SECTION 20 No Advisory or Fiduciary Responsibility. In connection with all aspects of each transaction contemplated by the Loan Documents, each Guarantor acknowledges and agrees that: (a) the credit facilities provided for under the Credit Agreement and any related arranging or other services in connection therewith (including in connection with any amendment, waiver or other modification of any Loan Document) are an arm’s-length commercial transaction between the Borrower, the Guarantors and their respective Affiliates, on the one hand, and the Lender, on the other hand, and each Guarantor is capable of evaluating and understanding and understands and accepts the terms, risks and conditions of the transactions contemplated by the Loan Documents (including any amendment, waiver or other modification thereof); (b) in connection with the process leading to such transaction, the Lender is and has been acting solely as a principal and is not the financial advisor, agent or fiduciary, for the
E-16
Borrower, the Guarantors or any of the respective Affiliates, stockholders, creditors or employees or any other Person; (c) the Lender has not assumed and will not assume an advisory, agency or fiduciary responsibility in favor of the Borrower or the Guarantors with respect to any of the transactions contemplated hereby or the process leading thereto, including with respect to any amendment, waiver or other modification of any Loan Document (irrespective of whether the Lender has advised or is currently advising the Borrower, the Guarantors or any of their respective Affiliates on other matters) and the Lender has no obligation to the Borrower, the Guarantors or any of their respective Affiliates with respect to the transactions contemplated hereby except those obligations expressly set forth in the Loan Documents; (d) the Lender and its Affiliates may be engaged in a broad range of transactions that involve interests that differ from those of the Borrower, the Guarantors and their respective Affiliates, and the Lender has no obligation to disclose any of such interests by virtue of any advisory, agency or fiduciary relationship; and (e) the Lender has not provided and will not provide any legal, accounting, regulatory or tax advice with respect to any of the transactions contemplated hereby (including any amendment, waiver or other modification of any Loan Document) and each Guarantor has consulted its own legal, accounting, regulatory and tax advisors to the extent it has deemed appropriate. Each Guarantor hereby waives and releases, to the fullest extent permitted by law, any claims that it may have against the Lender with respect to any breach or alleged breach of agency or fiduciary duty.

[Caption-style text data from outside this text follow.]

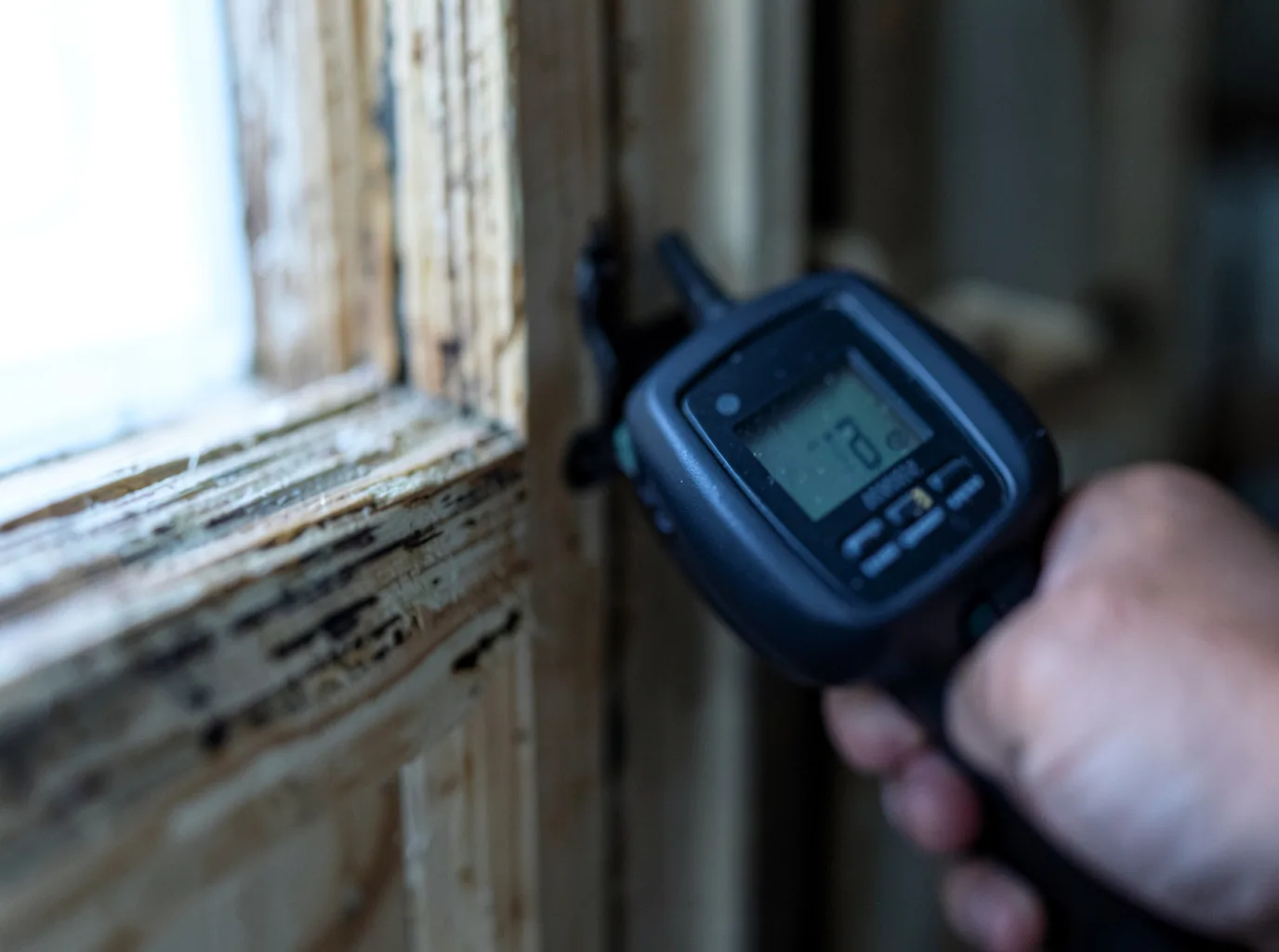 Moisture Inspection And Documentation in Bernalillo, NM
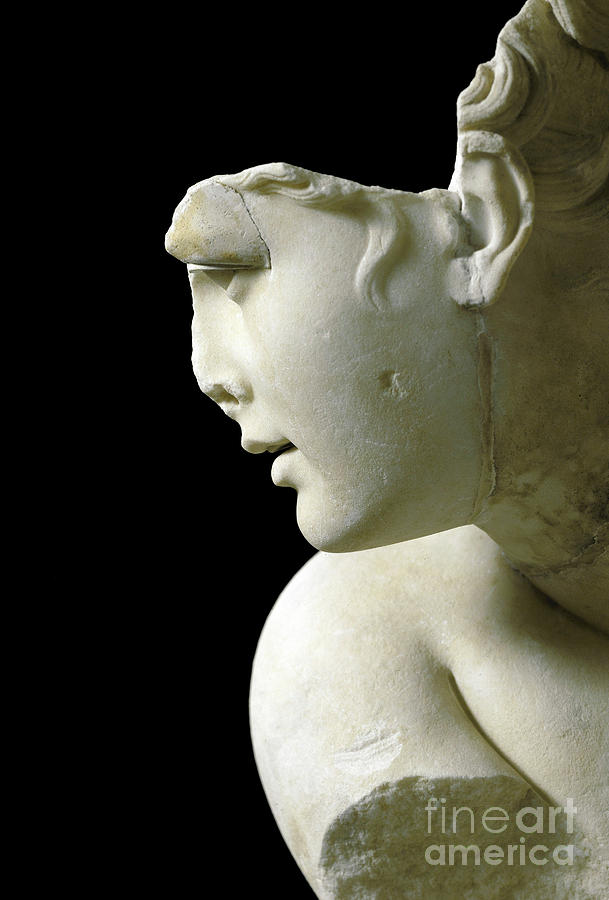 Venus Crouching, Detail Sculpture by Greek School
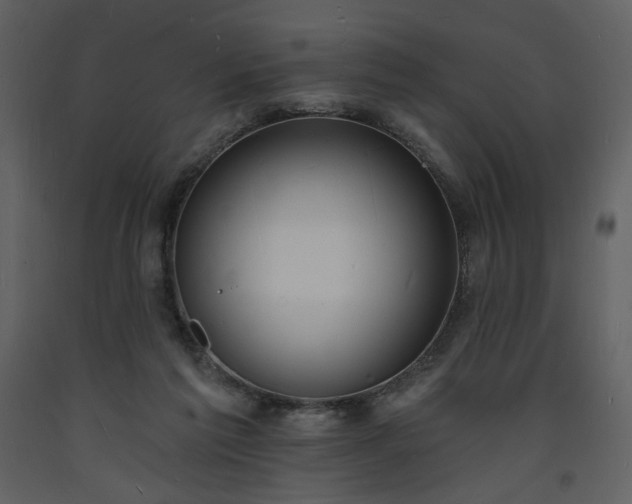 X0000093600213200710221554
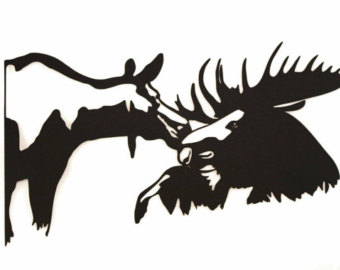 340x270 Bull Cow Moose Etsy
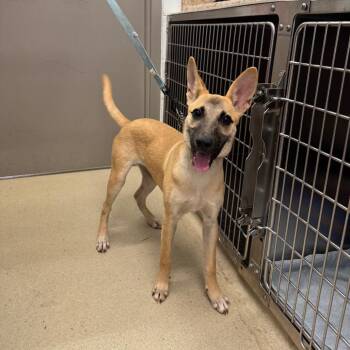 Fiona -  Shepherd and Mixed Breed Dog for Adoption in Marshall, Virginia - Fiona | PetCurious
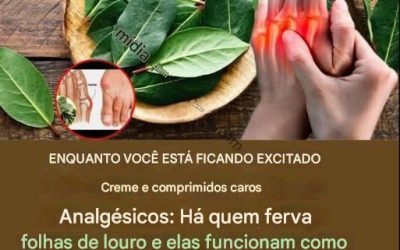 Foglie di alloro per dolori articolari e cattiva circolazione: un antico rimedio rivitalizzato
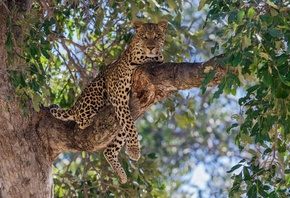 природа, животное, leopard, дерево, ветка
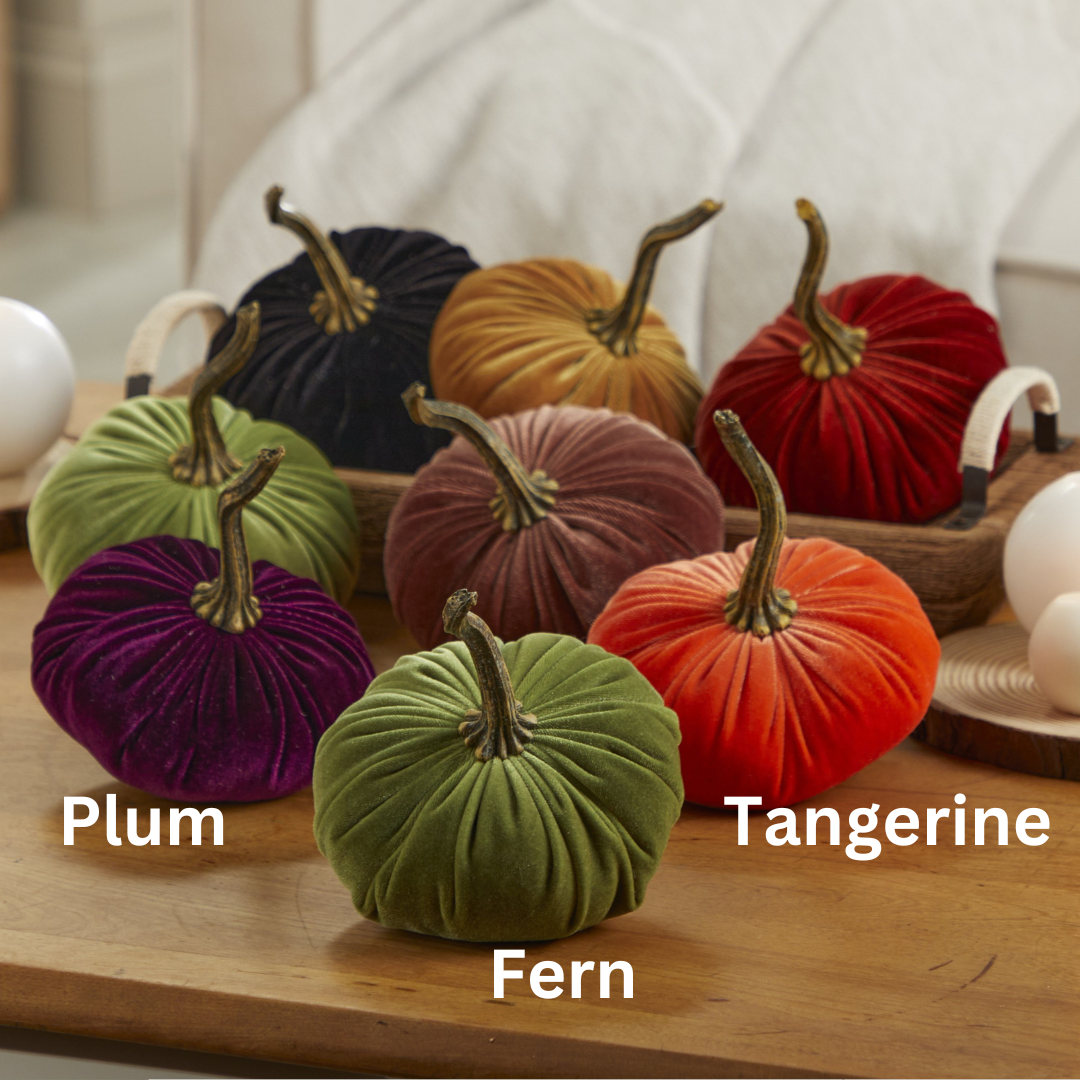Seven small velvet pumpkins from Your Heart’s Content, in shades of Plum, Fern, and Tangerine, are artfully displayed on a wooden tray to create a charming Thanksgiving centerpiece. Set against the backdrop of a cozy indoor space with a cream sofa and decorative accents, this arrangement is perfect inspiration for holiday mantel décor or an autumn table.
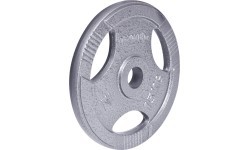 Olimpinis plieninis svoris inSPORTline Hamerton 15 kg
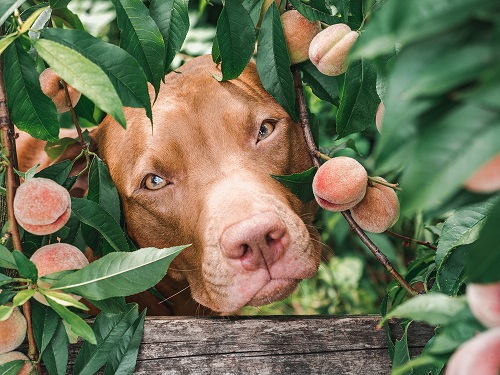Can Dogs Eat Peaches 2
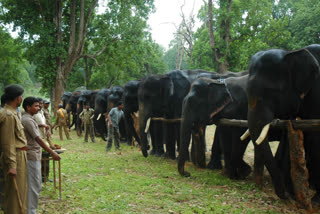 Rejuvenation Camp  set for 16 elephants of Kanha tiger reserve from today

SECTION 21 Amendments and Waivers. This Guaranty shall not be amended except by written agreement of the Guarantors and the Lender. No waiver of any rights of the Lender under any provision of this Guaranty or consent to any departure by any Guarantor therefrom shall be effective unless in writing and signed by the Lender. Any such amendment, waiver or consent shall be effective only in the specific instance and for the specific purpose for which given.
SECTION 22 Severability. If any provision of this Guaranty or the other Guarantor Documents is held to be illegal, invalid or unenforceable, (a) the legality, validity and enforceability of the remaining provisions of this Guaranty and the other Guarantor Documents shall not be affected or impaired thereby and (b) the parties shall endeavor in good faith negotiations to replace the illegal, invalid or unenforceable provisions with valid provisions the economic effect of which comes as close as possible to that of the illegal, invalid or unenforceable provisions. The invalidity of a provision in a particular jurisdiction shall not invalidate or render unenforceable such provision in any other jurisdiction.
SECTION 23 Future Guarantors. At such time following the date hereof as any Subsidiary of the Borrower (an “Acceding Subsidiary”) is required to accede hereto pursuant to the terms of Section 6.12 of the Credit Agreement, such Acceding Subsidiary shall execute and deliver to the Lender an accession agreement substantially in the form of Annex 1 (the “Accession Agreement”), signifying its agreement to be bound by the provisions of this Guaranty as a Guarantor to the same extent as if such Acceding Subsidiary had originally executed this Guaranty as of the date hereof.
SECTION 24 Counterparts; Integration; Effectiveness. This Guaranty may be executed in counterparts (and by different parties hereto in different counterparts), each of which shall constitute an original, but all of which when taken together shall constitute a single contract. This Guaranty and the other Guarantor Documents constitute the entire contract among the
E-17
parties relating to the subject matter hereof and supersede any and all previous agreements and understandings, oral or written, relating to the subject matter hereof. Except as provided in Section 4.01 of the Credit Agreement, this Guaranty shall become effective when the Lender shall have received counterparts hereof that, when taken together, bear the signatures of each of the Guarantors. Delivery of an executed counterpart of a signature page of this Guaranty by facsimile shall be effective as delivery of a manually executed counterpart of this Guaranty.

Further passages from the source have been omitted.